Actually, it was a blessing. The boat was running right beside us for roughly 500 feet before veering off the road and into the ditch. It was getting enough air underneath the front of the boat so it looked like it was getting pulled by an invisible truck. We were traveling south toward Vichy on US 63 (two lane highway) just outside of Vienna. All heck broke loose about a quarter mile north of the county road that goes to Moreland's and the trailer actually "auto-piloted" for about 1000 feet before coming to rest in the ditch. 

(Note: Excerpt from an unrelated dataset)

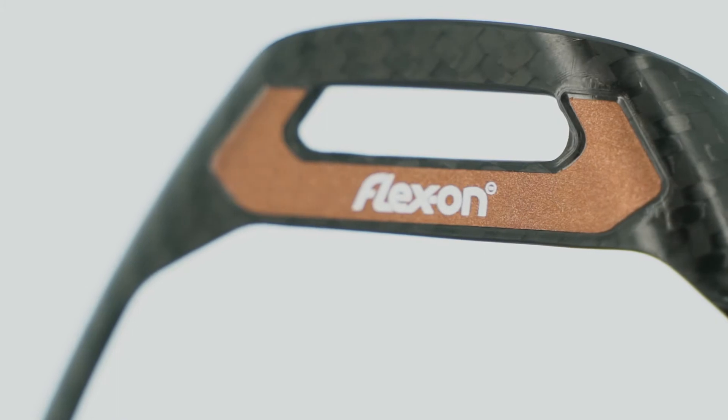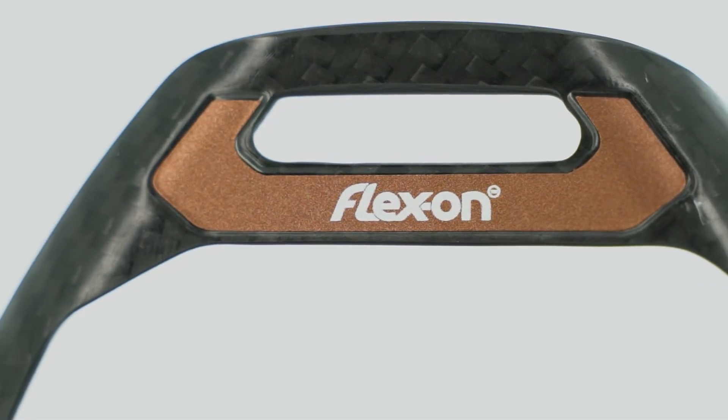We are very glad to present our latest innovation, the raised stirrups called 40 Grams Pro. It's a very light stirrups, 100% carbon technology with a know-how from the aeronautical industry.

Trailer was a solid trailer made by a reputable manufacturer here in Missouri and I would have no qualms at all about owning another one. The problem was that several years prior, I had kinked the tongue while tightening the u-bolts that held the winch stand in place. The trailer tongue always flexed a little there and eventually a little crack began to form at the kink. One thing lead to another and that day it finally broke. Upon inspecting the rust on the tongue where it broke, I am pretty confident that this was definitely something that happened over time and could have been prevented had I inspected the trailer periodically. 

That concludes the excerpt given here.